_What the exercise asks_
Reprint the listing. Every line must match the original exactly.

_Data under study_
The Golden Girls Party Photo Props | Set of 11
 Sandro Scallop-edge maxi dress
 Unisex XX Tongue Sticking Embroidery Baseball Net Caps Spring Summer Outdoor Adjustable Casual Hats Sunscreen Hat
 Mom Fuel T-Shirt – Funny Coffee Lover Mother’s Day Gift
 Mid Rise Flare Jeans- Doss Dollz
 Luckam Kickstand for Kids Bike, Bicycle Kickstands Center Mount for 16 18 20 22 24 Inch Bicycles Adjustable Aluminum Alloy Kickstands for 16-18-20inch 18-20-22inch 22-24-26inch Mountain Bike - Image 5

_Answer to the exercise_
The Golden Girls Party Photo Props | Set of 11
 Sandro Scallop-edge maxi dress
 Unisex XX Tongue Sticking Embroidery Baseball Net Caps Spring Summer Outdoor Adjustable Casual Hats Sunscreen Hat
 Mom Fuel T-Shirt – Funny Coffee Lover Mother’s Day Gift
 Mid Rise Flare Jeans- Doss Dollz
 Luckam Kickstand for Kids Bike, Bicycle Kickstands Center Mount for 16 18 20 22 24 Inch Bicycles Adjustable Aluminum Alloy Kickstands for 16-18-20inch 18-20-22inch 22-24-26inch Mountain Bike - Image 5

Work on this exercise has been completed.